Me gusta mucho esta reflexión sobre BoJack Horseman, esa excelente serie de animación de Netflix. El argumento principal es que una serie así no debería existir, que mezcla demasiados géneros, que cambia excesivamente de registro en unos pocos minutos como para poder recibir la aprobación de una cadena normal de televisión. Sin embargo, Netflix dispone de enormes datos muy precisos sobre lo que la gente ve o deja de ver. La hipótesis es que una empresa como Netflix podía “ver” que el uso de elementos tan diversos mezclados podía trascender las divisiones demográficas habituales y satisfacer a un grupo “desconocido” hasta ese momento.

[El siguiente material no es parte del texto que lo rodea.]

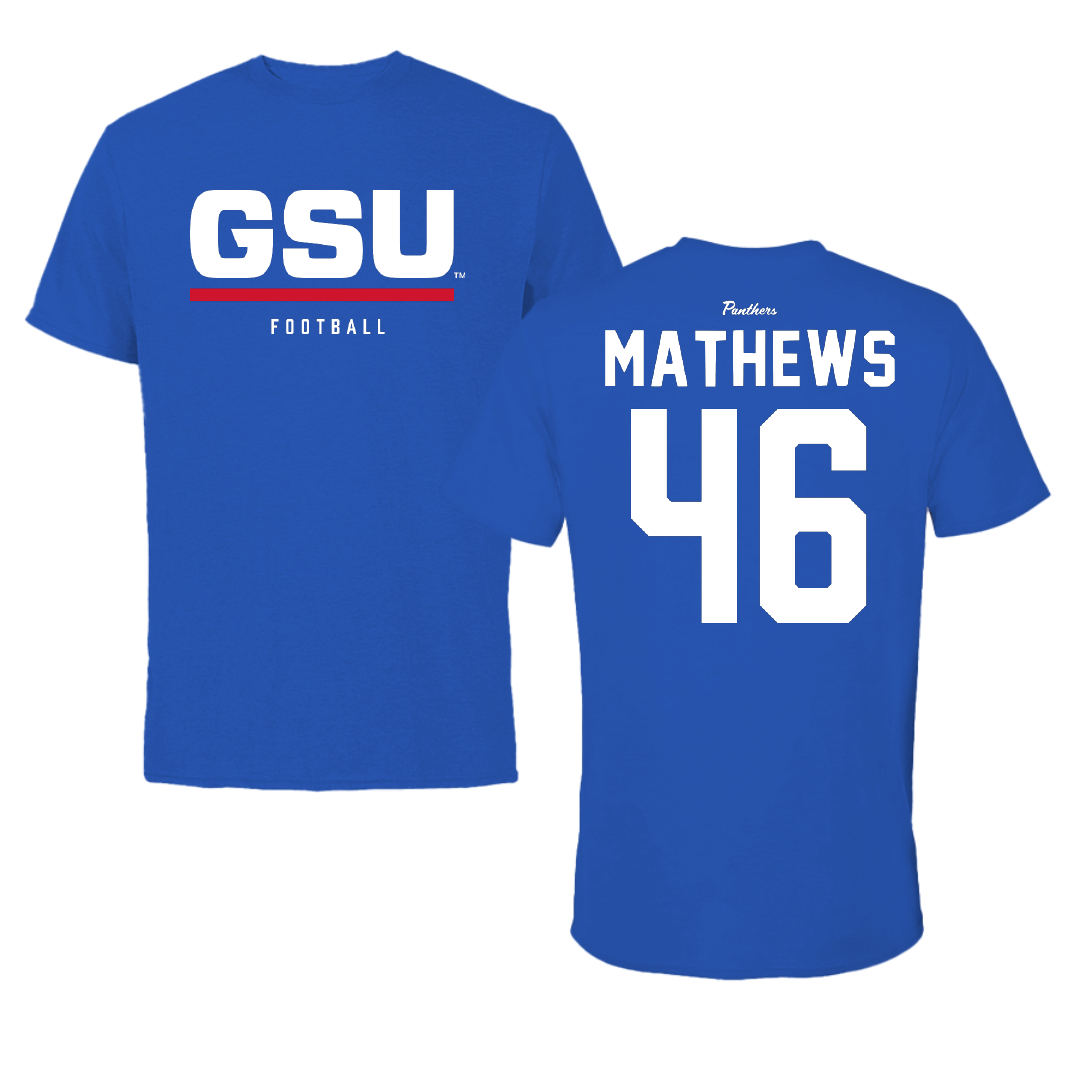 Georgia State University Football Blue Tee - #46 Ian Mathews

Neighed to Order: The Case of BoJack Horseman Matt Sienkiewicz / Boston College | Flow:

Our suggestion, therefore, is that at the moment of the show’s pitch and throughout the development process, Netflix may well have had reason to believe that BoJack’s strange menagerie could actually work. Armed with data about the viewing habits of its clients, the company was able to free itself from the restraints of long standing industry lore and even the limitations of blunt instruments such as genre conventions and traditional demographics. In a previous era, BoJack may well have been seen as a program full of contradictory niches, hailing small audience groups with one aspect while repelling those same groups with the next. The data, however, may well have shown that this would not be the case, suggesting that audiences for the shows BoJack draws from have more in common than is immediately apparent.
Certainly, there is the potential for the abuse of such information. If BoJack works too well, we could see a parade of increasingly ham-fisted attempts to combine popular programs in cheap, search engine-friendly ways. Though this may be unfortunate, it would also not be terribly new, of course, as copy catting has long been one of the industry’s most unappealing but profitable vices.

Es, simplemente, una hipótesis, que se fundamenta en saber que Netflix dispone efectivamente de esos datos. Evidentemente, ya se apunta en el segundo párrafo que si es así, podemos acabar con un montón de programas creados según los datos.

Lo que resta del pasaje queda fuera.